Madrasi answered and filed a motion to transfer venue to Harris County. The trial judge denied the motion to transfer. The case was tried to the bench. At the beginning of the trial, the judge noted that Shiva had not filed an answer and stated that he would enter a default judgment against Shiva. After a one-day bench trial, the judge signed a final judgment in which he imposed joint and several liability on Madrasi and Shiva for damages in the amount of $6,408.81, plus attorney's fees.

Defendants filed a motion to modify the judgment, which the trial judge denied. Madrasi then filed a notice of appeal. After filing the notice of appeal, and more than 20 days after the judgment was signed, Madrasi filed a request for findings of fact and conclusions of law. No findings of fact or conclusions of law appear in the appellate record.

III. Analysis

Madrasi raises four issues on appeal, contending that the trial judge erred by: (1) denying Madrasi's motion to transfer venue, (2) excluding from evidence the text of certain regulations of the Texas Public Utility Commission, (3) admitting into evidence a letter of authorization, and (4) holding Madrasi personally liable in the judgment.

A. Admission of evidence

We address Madrasi's third issue first because the evidence involved in that issue is important to our resolution of Madrasi's first issue. In his third issue, Madrasi argues that the trial judge erred by admitting into evidence TXU's exhibit 2, a document entitled "Enrollment for Electric Service and Letter of Authorization." Madrasi contends that the trial judge should have excluded the Letter of Authorization as a discovery sanction.

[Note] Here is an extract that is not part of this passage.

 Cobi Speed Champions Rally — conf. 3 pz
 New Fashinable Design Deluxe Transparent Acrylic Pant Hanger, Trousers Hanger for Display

Madrasi appears to rely on Texas Rule of Civil Procedure 193.6, which establishes a general rule that a party may not introduce evidence at trial if the evidence was requested in discovery and the party did not "make, amend, or supplement a discovery response in a timely manner." Tex. R. Civ. P. 193.6(a). The trial judge has discretion to admit evidence that was not timely disclosed if the proponent of the evidence shows good cause for its failure or shows lack of unfair surprise or unfair prejudice. Tex. R. Civ. P. 193.6(a), (b). We review a trial court's evidentiary ruling for abuse of discretion. Lopez v. La Madeleine of Tex., Inc., 200 S.W.3d 854, 859-60 (Tex. App.-Dallas 2006, no pet.). "A trial court abuses its discretion if it acts in an arbitrary or unreasonable manner without reference to any guiding rules or principles." Walker v. Gutierrez, 111 S.W.3d 56, 62 (Tex. 2003). The issue was presented to the trial court in this manner. The case was set for trial on August 9, 2010, but it apparently was not reached on that day. Madrasi filed a motion for continuance that was heard on August 13, and at that time the case was continued until the week of September 20. On September 10, Madrasi filed a "Motion for Discovery Sanctions" in which he argued that the judge should exclude all evidence of a contract between TXU and him because TXU did not timely produce any such evidence in discovery. TXU filed a response in which it contended that it had timely supplemented its discovery responses by disclosing a copy of the contract (apparently meaning the Letter of Authorization) to Madrasi on August 13. The judge took up the motion for sanctions before the bench trial commenced on September 23. At that pretrial conference, counsel for TXU explained that TXU had not found the Letter of Authorization at first, and that he immediately disclosed the document to Madrasi once TXU found it in its system. TXU's counsel also pointed out that in Madrasi's discovery responses, Madrasi denied the existence of any written contract, which reasonably led TXU's counsel to believe no written contract existed. The trial judge denied the Madrasi's motion for sanctions and admitted the Letter of Authorization at trial over Madrasi's objection.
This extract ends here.